Bad Document Management
Documentation is such a HUGE part of the practice of law yet so many firms still struggle with templates and forms. They start with “Should we even bother to use templates?” when meanwhile hours are being wasted with dupe and revise documents gone corrupt, or the user who *wants* to use styles but builds them piecemeal into each document, individually. Or the firm invests in a really nice template suite but no one uses it. These documents are the bread and butter, the work product, the piece de resistance if you will; yet so many firms (eh hem, decision making attorneys) put next to no effort into knowing how to create, edit and manage them.
These responses will come as a surprise to no one: the landscape is littered with the rusting hulks of law-firm template initiatives. Below I consider why that is, and whether that might change.
Here are five reasons why many (most?) law-firm template-contract initiatives die aborning.
Poor Economies of Scale
Compared with companies, which tend to have a limited number of templates that they use repeatedly, law firms tend to draft a broad range of contracts. Furthermore, what they will be called on to draft at any given time is unpredictable—it depends on what business walks in the door.
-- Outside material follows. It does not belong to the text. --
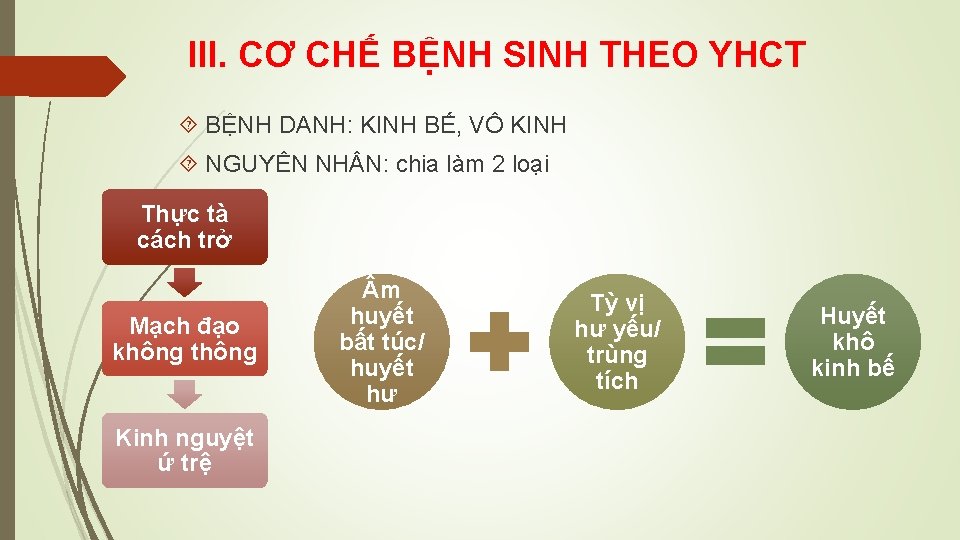 III. CƠ CHẾ BỆNH SINH THEO YHCT BỆNH DANH: KINH BẾ, VÔ KINH NGUYÊN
So unless you’re a law firm that can count on drafting a certain kind of contract many times—unless, for example, you’re Wilson Sonsini doing Series A preferred stock offerings—it can be hard to justify the investment required to implement and maintain a template initiative.
The Billable Hour as Disincentive (One)
As long as a law firm bills by the hour, the efficiency offered by a rigorous template initiative would seem to work to the law firm’s disadvantage.
The Billable Hour as Disincentive (Two)
As long as lawyer performance is measured primarily by how many hours they bill, lawyers will be reluctant to sacrifice hours for the greater good by working on a template initiative.
A Dearth of Expertise
Compiling a template that ostensibly contains optimal substance expressed in optimal language is very different from tweaking and recycling precedent contracts of questionable quality and relevance. Doing deals doesn’t by itself qualify you to compile templates.
It’s commonplace for law-firm partners to be most comfortable sticking with the way they do things. As a result, it’s routine for an associate to be asked to use one precedent contract to do a particular deal for a partner and to be asked to use a different precedent contract to do the same kind of deal for another partner. That attitude isn’t conducive to the centralized approach required for a successful template initiative.
Enhancing the prospects of law-firm template initiatives would require that something change with respect to one or more of the above factors. I suggest that the most likely agent of change is use of document-assembly software to draft contracts. (I use ContractExpress.)
More specifically, document assembly could prompt law firms to reconsider the notion of the billable hour as an obstacle to efficiency. For one thing, law firms might realize that since, invariably, they don’t collect on every hour of time billed on contract drafting, using document assembly to draft contracts more quickly would allow law firms to reduce the amount of time they write off. Furthermore, for busy law firms, using document assembly to draft contracts offers an opportunity for premium billing while still saving the client money.
And more generally, the notion of profiting off of inefficiency is unseemly, and perhaps untenable in the long run.
But the greatest scope for change would come from rethinking the role of economies of scale. It makes no sense to have law firm after law firm implementing and attempting to maintain templates for standard kinds of contracts. The substance of such contracts and the language used to articulate that substance should be commodities: there is no secret sauce. It would make sense to outsource the task of implementing and maintaining document-assembly templates. In other words, it would make sense for law firms to get out of the template business.
That reality is increasingly being acknowledged, but so far what has been offered by bar associations and by the major legal publishers is inadequate. Of course, Koncision Contract Automation‘s confidentiality-agreement template offers a glimpse of what document assembly can do, but Koncision won’t be adding any content until someone expresses an interest in financing further work. It might be that the best hope for progress is trade associations. Watch this space.